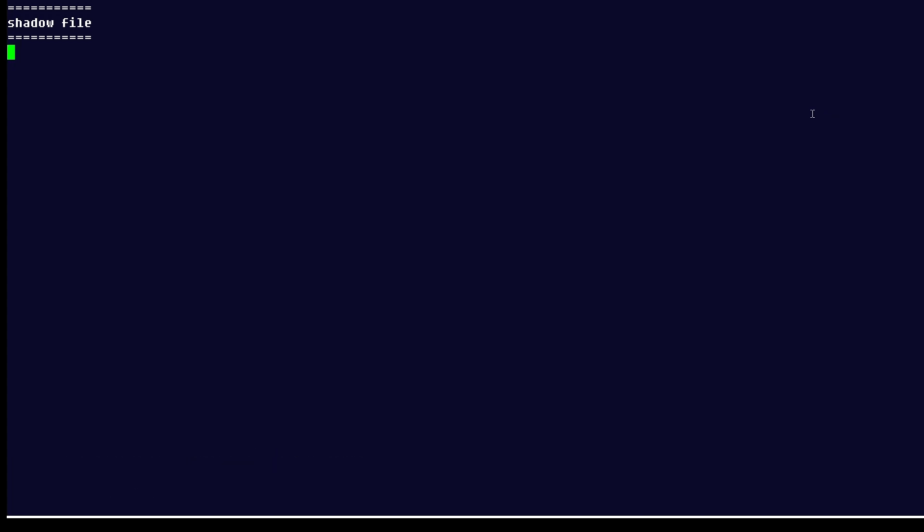In this Linux tip we're going to take a quick look at the /etc/shadow file on Linux systems.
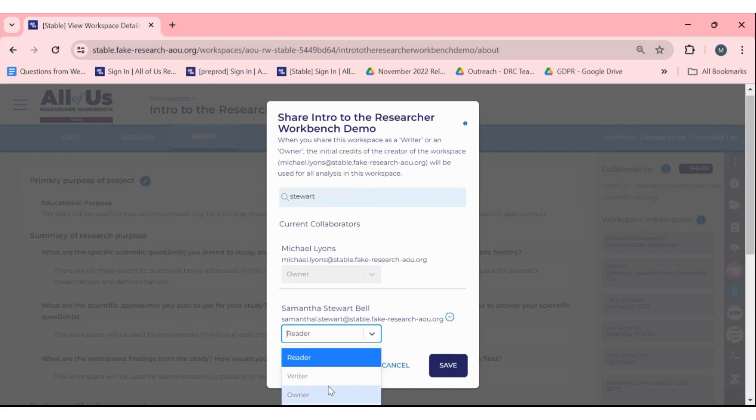A writer can view notebooks and edit them as well as delete files in the workspace bucket, but they can't delete or share workspaces.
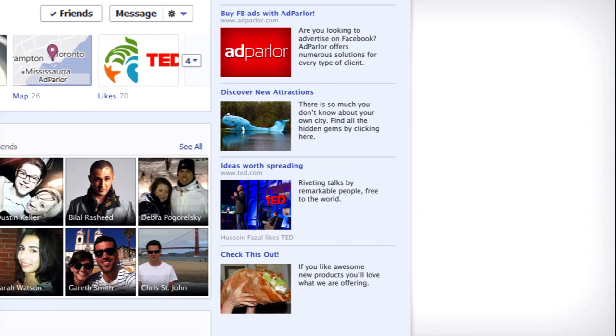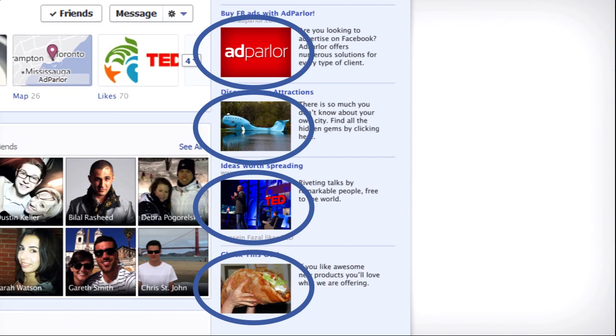However, one of the problems with Facebook ads is that the ads are not prominent. They're relatively hidden in the right-hand column of Facebook. The title and the text are not too long, and the only thing a marketer can really do to grab a user's attention is to take advantage of that small 110 by 80 pixel image. That image is going to be the focus of my talk today.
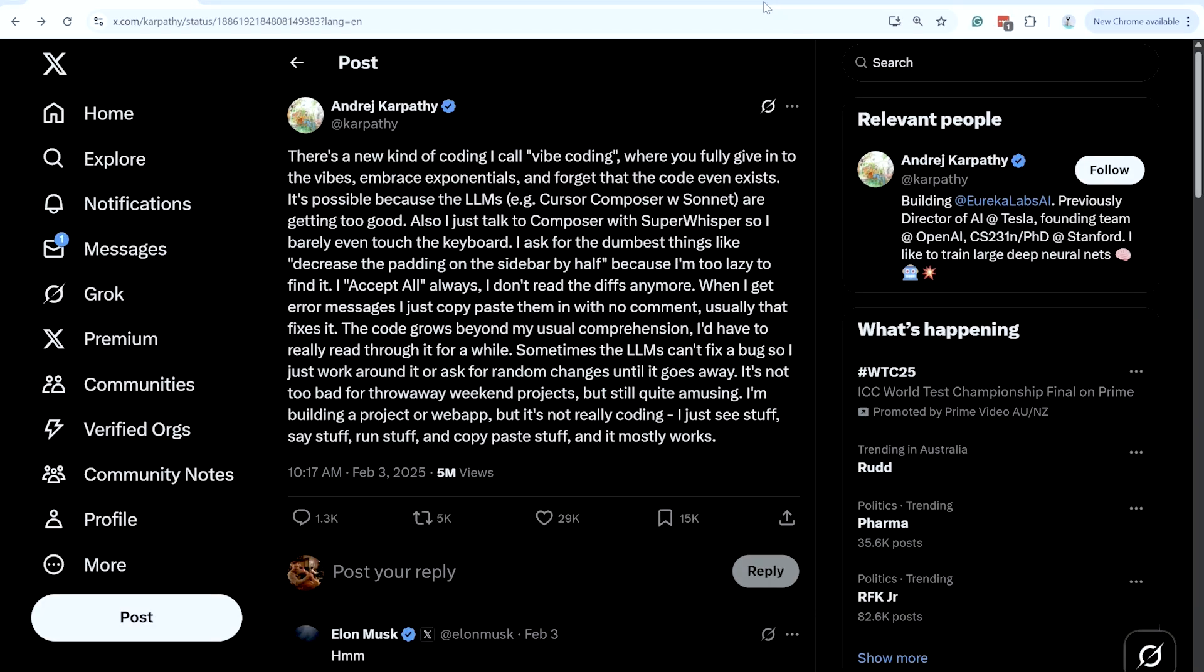If you haven't heard of Vibe Coding, you've been living under a rock for the last few months. It's basically when you are creating code, creating software just by talking to an AI agent and not actually touching the code at all. So you're basically just acting like a product owner and you're visually looking at what it's giving you and saying add this feature or change this around, so on and so forth. But you're not actually paying any attention to what it's doing in the background.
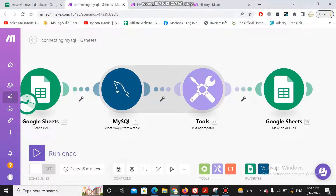Hello guys, today I will show you how to save operations in Make, formerly Integromat. My scenario is that I want to filter the results from a MySQL database and put them into a Google Sheet.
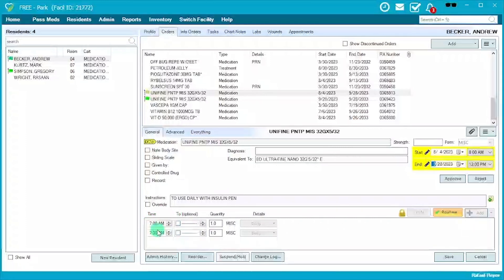Before you move on to the new order that came in, pay attention to the previous administration time. This one was being given at 7 a.m. and 7 p.m. You would most likely want to keep that administration time unless there's a specific order changing it to one administration time or something you know may be changing — if not, keep it in mind.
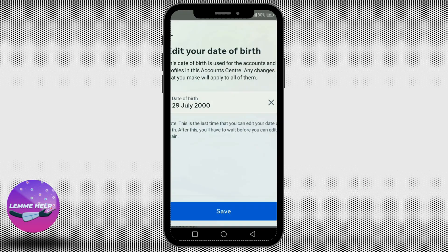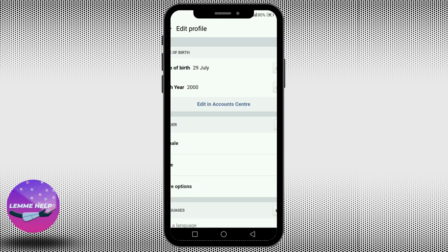Once you're done, tap save. After you refresh your page, you will see the date of birth has been changed.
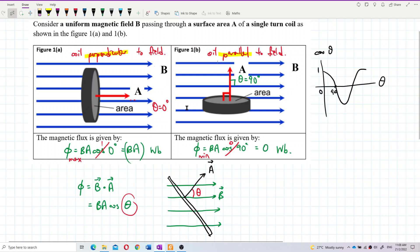When the coil is parallel to the field, there are no magnetic field lines passing through the area, so the flux is zero. When the coil is perpendicular to the field, the most magnetic field lines pass through the area, giving maximum magnetic flux. That's all for this part.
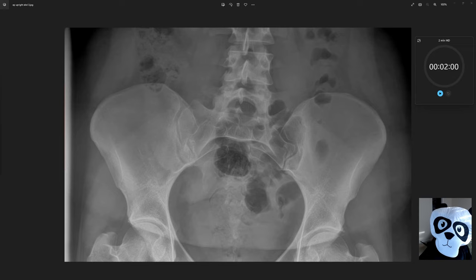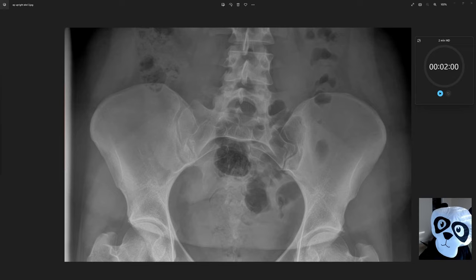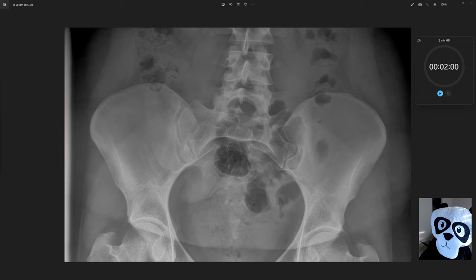Today we will be picking up where we left off with abdominal x-ray in five minutes. If you haven't seen part one, make sure you go back and watch that video first. Let's go ahead and start our timer.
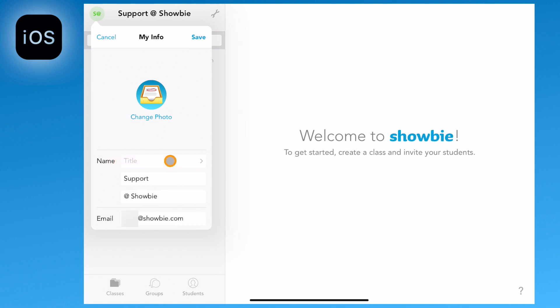Other options include adding a title and changing your name as it appears for your students. Lastly you can also change your email address here.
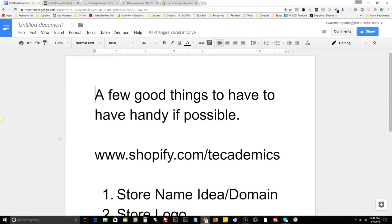What's up everybody, Lawrence Aponte here, and on this episode of Ecom Power Team, we're going to build a Shopify store. I'm going to build the store from scratch and show you guys exactly how I would build it, and I'm also going to show you guys some tools that can help you ease this process along and make this really fast, quick, and easy for you.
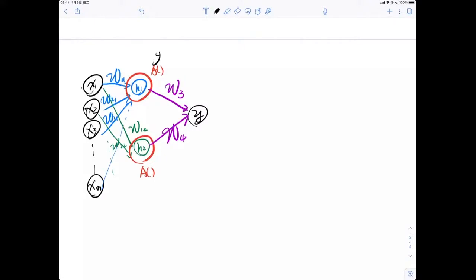We'd like to introduce what convolution is. Basically, it's a layer. For H1, which is a neuron in the hidden layer, it receives information from the previous layer, X1 to XM. All of the information is multiplied by an individual weight — W11, W21, W31, and so on. The neuron considers different weights on different inputs and sums them up to integrate that information, then passes through an activation function A. So H1 has its own perspective to view the data.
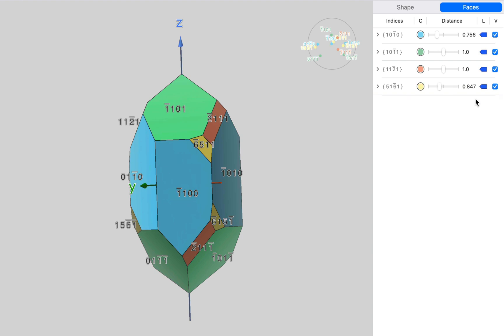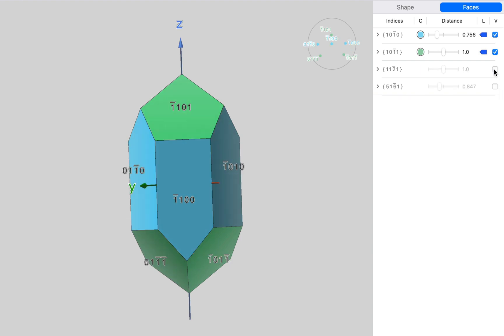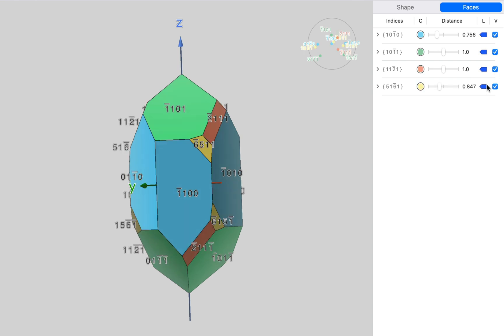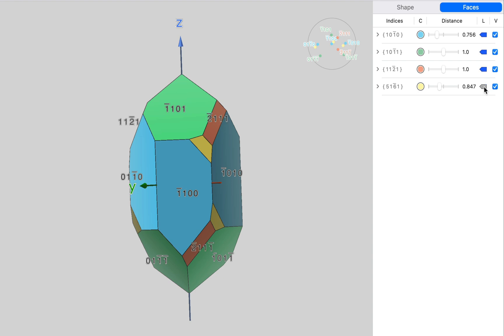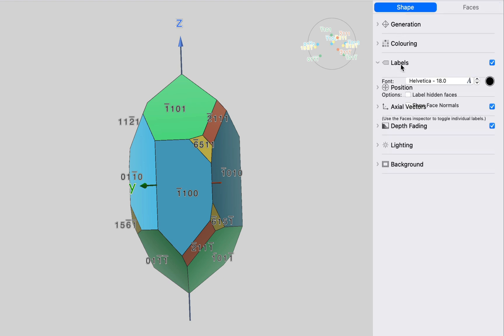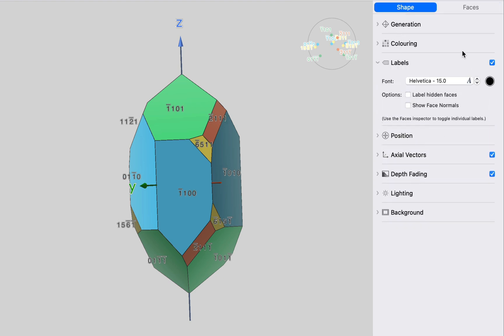Notice that we can turn off sets of faces by clicking their visibility checkboxes. And you could also toggle the labeling on and off by clicking the label checkboxes. I think we'll make those labels a little bit smaller. There we go.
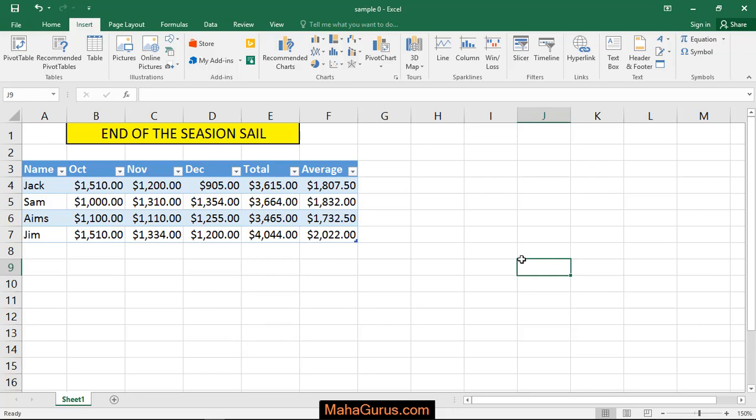Hi guys, welcome back to our YouTube channel. So in this tutorial we would learn how to create a line chart, a 2D line chart in Microsoft Excel.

^^^^^^^^^^^^^^^^

Would it be possible to copy the material exactly, excluding the images?

> **RESPONSE AREA**:
In this Linux tip we're going to take a quick look at the /etc/shadow file on Linux systems.
A writer can view notebooks and edit them as well as delete files in the workspace bucket, but they can't delete or share workspaces.
However, one of the problems with Facebook ads is that the ads are not prominent. They're relatively hidden in the right-hand column of Facebook. The title and the text are not too long, and the only thing a marketer can really do to grab a user's attention is to take advantage of that small 110 by 80 pixel image. That image is going to be the focus of my talk today.
If you haven't heard of Vibe Coding, you've been living under a rock for the last few months. It's basically when you are creating code, creating software just by talking to an AI agent and not actually touching the code at all. So you're basically just acting like a product owner and you're visually looking at what it's giving you and saying add this feature or change this around, so on and so forth. But you're not actually paying any attention to what it's doing in the background.
Hello guys, today I will show you how to save operations in Make, formerly Integromat. My scenario is that I want to filter the results from a MySQL database and put them into a Google Sheet.
Before you move on to the new order that came in, pay attention to the previous administration time. This one was being given at 7 a.m. and 7 p.m. You would most likely want to keep that administration time unless there's a specific order changing it to one administration time or something you know may be changing — if not, keep it in mind.
Once you're done, tap save. After you refresh your page, you will see the date of birth has been changed.
When the coil is parallel to the field, there are no magnetic field lines passing through the area, so the flux is zero. When the coil is perpendicular to the field, the most magnetic field lines pass through the area, giving maximum magnetic flux. That's all for this part.
Today we will be picking up where we left off with abdominal x-ray in five minutes. If you haven't seen part one, make sure you go back and watch that video first. Let's go ahead and start our timer.
Other options include adding a title and changing your name as it appears for your students. Lastly you can also change your email address here.
What's up everybody, Lawrence Aponte here, and on this episode of Ecom Power Team, we're going to build a Shopify store. I'm going to build the store from scratch and show you guys exactly how I would build it, and I'm also going to show you guys some tools that can help you ease this process along and make this really fast, quick, and easy for you.
We'd like to introduce what convolution is. Basically, it's a layer. For H1, which is a neuron in the hidden layer, it receives information from the previous layer, X1 to XM. All of the information is multiplied by an individual weight — W11, W21, W31, and so on. The neuron considers different weights on different inputs and sums them up to integrate that information, then passes through an activation function A. So H1 has its own perspective to view the data.
Notice that we can turn off sets of faces by clicking their visibility checkboxes. And you could also toggle the labeling on and off by clicking the label checkboxes. I think we'll make those labels a little bit smaller. There we go.
Hi guys, welcome back to our YouTube channel. So in this tutorial we would learn how to create a line chart, a 2D line chart in Microsoft Excel.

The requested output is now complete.